Non si vuole però proporre alcun sondaggio. Più semplicemente desideriamo parlare del bel volume, curato da Umberto Levra, Cavour, l’Italia e l’Europa (il Mulino, 2011, pp. 268, euro 20,00). Un testo che raccoglie le relazioni presentate all’omonimo convegno , tenutosi a Torino il 6-7 ottobre 2010. E che relazioni! Siamo davanti a un’ottima messa punto dello sfondo culturale, del pensiero e dell’opera, nonché dell’immagine del Conte in Francia, Inghilterra e Germania.

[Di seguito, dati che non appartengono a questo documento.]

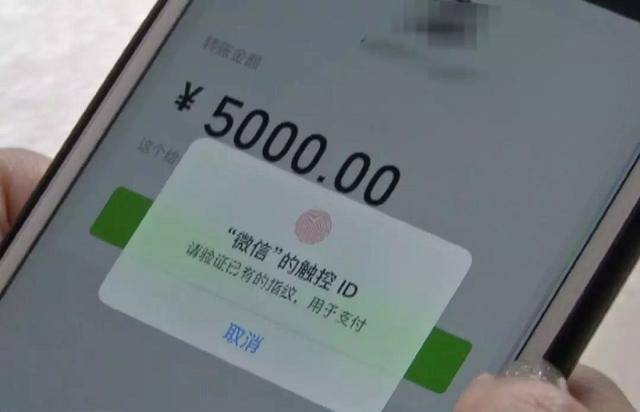 chia钱包转账费用_im钱包转账手续费怎么那么贵_钱包转账要手续费吗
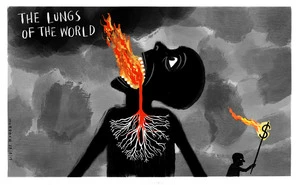 The lungs of the world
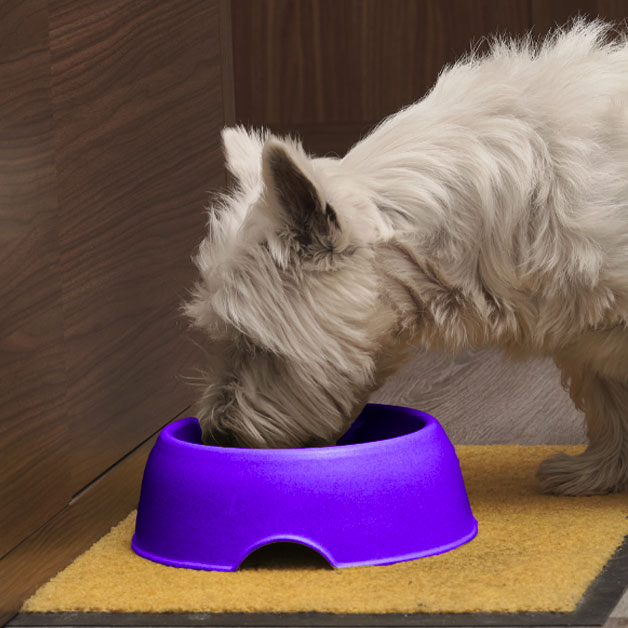 quels-sont-les-produits-alimentaires-a-eviter-pour-les-chiens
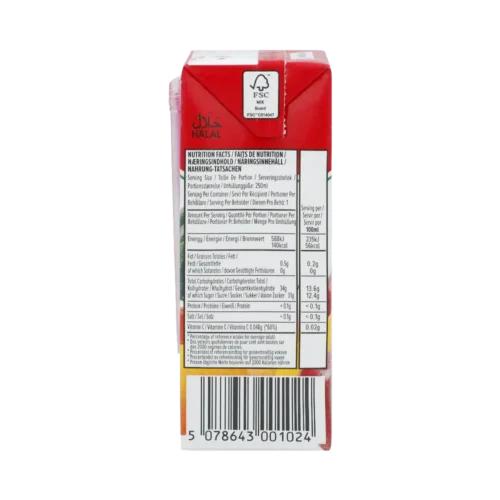 Shezan Punch Mix Fruit Drink 250ml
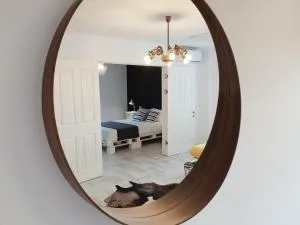 Pentru plata numerar cautati pe G00gle, Norsk Skogkatt Galati - Big Tv DISNEYplus TV! - Reni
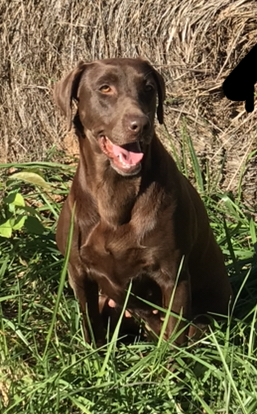 HRCH Daisy Duckinham From Big Mamou Town (1 Master Pass) | Chocolate Labrador Retriver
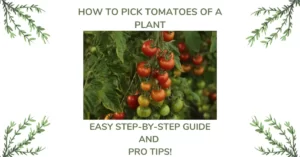 How to pick tomatoes off a plant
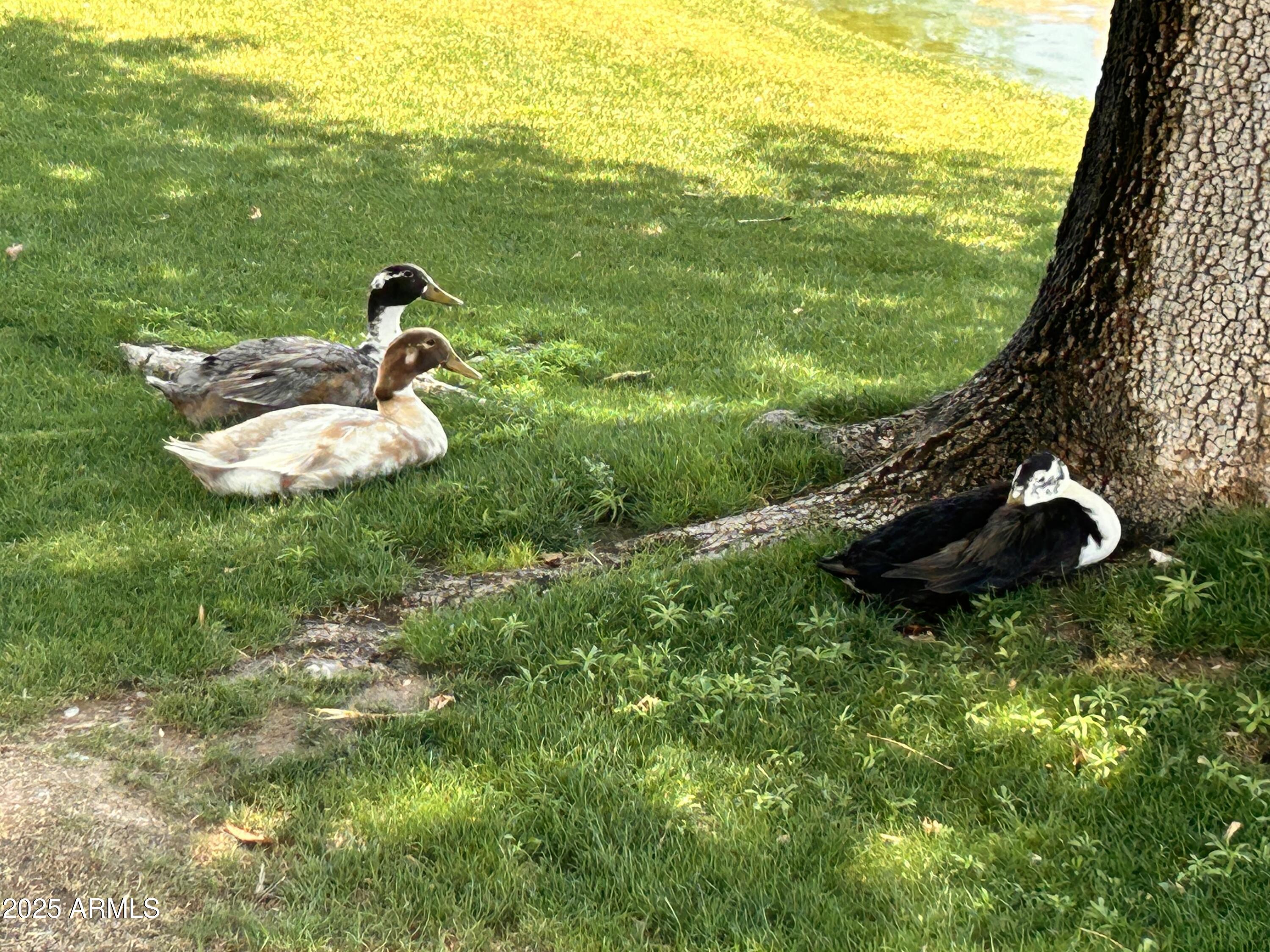 Photo #45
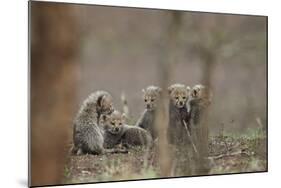 Five cheetah (Acinonyx jubatus) cubs, Kruger National Park, South Africa, Africa-James Hager-Mounted Photographic Print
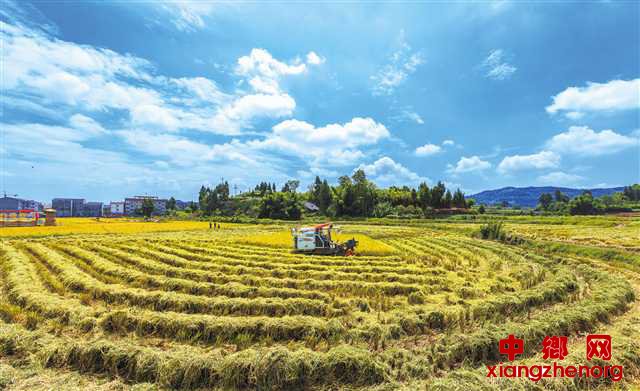 <b>重庆合川：村美民富产业旺 乡村振兴奏华章</b>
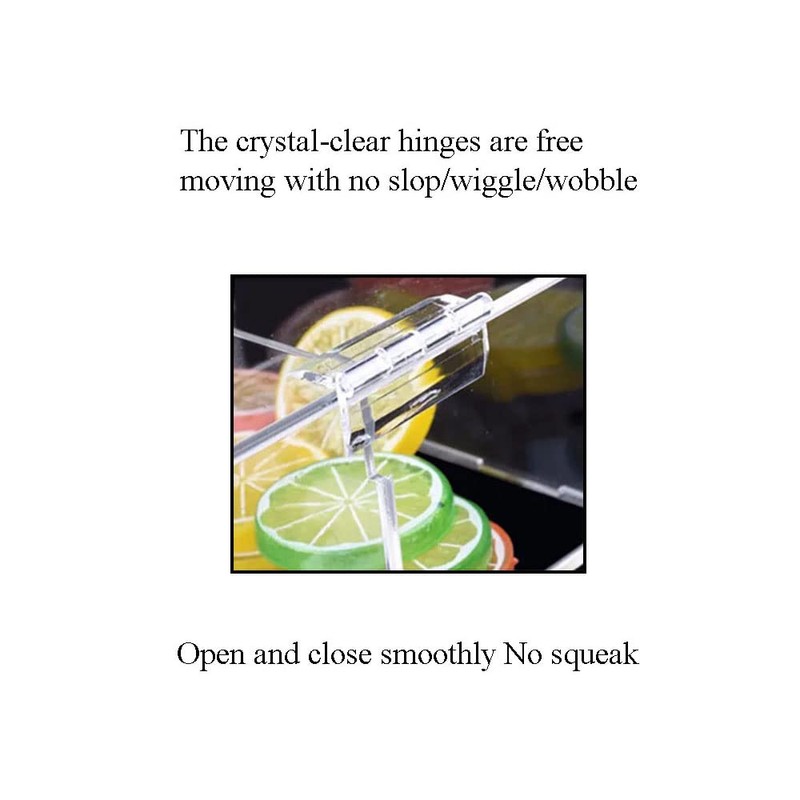 Odinest Clear Acrylic Hinge Transparent Folding Lightweight 65x42mm Crystal Plastic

Iniziamo da quest’ultimo aspetto, e in particolare dalla Germania, attingendo dal contributo di G.B. Clemens. Una terra dove, a differenza di Francia e Inghilterra, già unite da secoli, il liberalismo ebbe forti caratteristiche patriottiche e politiche. Di qui, per simpatia, una migliore comprensione del liberalismo nazionale cavouriano, come, ad esempio, nell’opera dello storico Heinrich von Treitschke. Il quale dedicò al Conte una celebre monografia. Osserva Treitschke : «La cosa più utile, che potrei scrivere ora, sarebbe senza dubbio, un saggio su Cavour (…). Una presentazione di quest’uomo potrebbe mostrare al nostro pubblico in modo più efficace di ogni disquisizione generica in che cosa consista la Realpolitik geniale». Insomma, un vero tributo.

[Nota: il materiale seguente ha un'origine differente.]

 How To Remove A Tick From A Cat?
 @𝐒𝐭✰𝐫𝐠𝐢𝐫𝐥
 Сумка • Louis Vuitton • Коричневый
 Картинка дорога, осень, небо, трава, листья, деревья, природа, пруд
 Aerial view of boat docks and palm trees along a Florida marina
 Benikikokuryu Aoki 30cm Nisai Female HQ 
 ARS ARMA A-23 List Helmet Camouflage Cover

Per contro, Cavour, soprattutto in Francia e Inghilterra (più in Francia però…), era inviso a cattolici, legittimisti, democratici e rivoluzionari. Di qui, minore simpatia e, di riflesso, giudizi meno lusinghieri.
Quanto al liberalismo « pragmatico» cavouriano, va segnalato l’interessante contributo di Luciano Cafagna (Libertà di mercato e modernizzazione economica in Cavour). Perché? Cafagna ricorda un intrigante giudizio di un grande storico dell’economia italiana, Carlo Maria Cipolla. Ma lasciamo la parola a Cafagna: « (…) Cipolla quasi a bruciapelo mi disse che Cavour, da ministro, negli anni Cinquanta, aveva sostanzialmente adottato in Piemonte una politica keynesiana avant la lettre. Lì per lì, mi parve un paradosso anacronistico. Ma ripensandoci anni dopo, mi convinsi che l’intuizione di Cipolla era sostanzialmente giusta. Cavour aveva in sostanza una corretta percezione del rapporto tra ampliamento della domanda e stimolo alla crescita e la sua politica economica era effettivamente regolata da questa idea. Anticipò tra l’altro l’uso un po’ disinvolto del debito pubblico, del quale, nella nostra storia finanziaria, si è poi spesso abusato » .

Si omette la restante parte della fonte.